# Provided information
==*==
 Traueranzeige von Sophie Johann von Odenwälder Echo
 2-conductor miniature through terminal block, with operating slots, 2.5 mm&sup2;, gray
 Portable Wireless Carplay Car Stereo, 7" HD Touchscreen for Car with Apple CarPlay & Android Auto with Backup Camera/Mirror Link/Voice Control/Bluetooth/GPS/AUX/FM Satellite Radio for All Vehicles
==*==
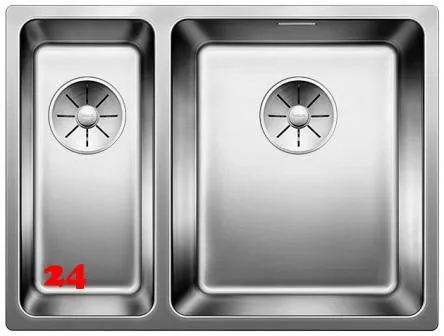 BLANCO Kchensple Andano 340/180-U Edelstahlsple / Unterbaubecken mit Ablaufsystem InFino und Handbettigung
==*==
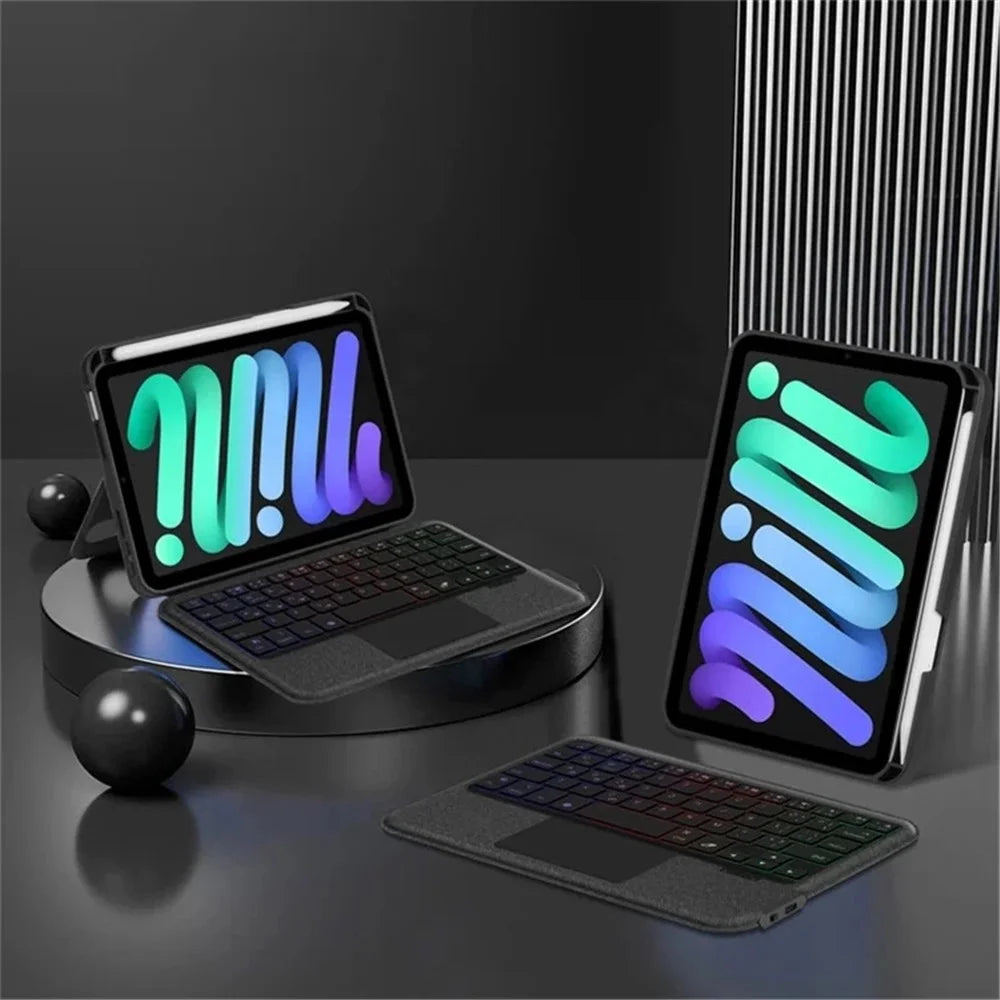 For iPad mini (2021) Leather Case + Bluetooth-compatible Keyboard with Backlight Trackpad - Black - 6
==*==
# Task
Reproduce verbatim the lines above, from the line with "Traueranzeige von Sophie" through the line with "Portable Wireless Carplay".

# Result of this exercise
 Traueranzeige von Sophie Johann von Odenwälder Echo
 2-conductor miniature through terminal block, with operating slots, 2.5 mm&sup2;, gray
 Portable Wireless Carplay Car Stereo, 7" HD Touchscreen for Car with Apple CarPlay & Android Auto with Backup Camera/Mirror Link/Voice Control/Bluetooth/GPS/AUX/FM Satellite Radio for All Vehicles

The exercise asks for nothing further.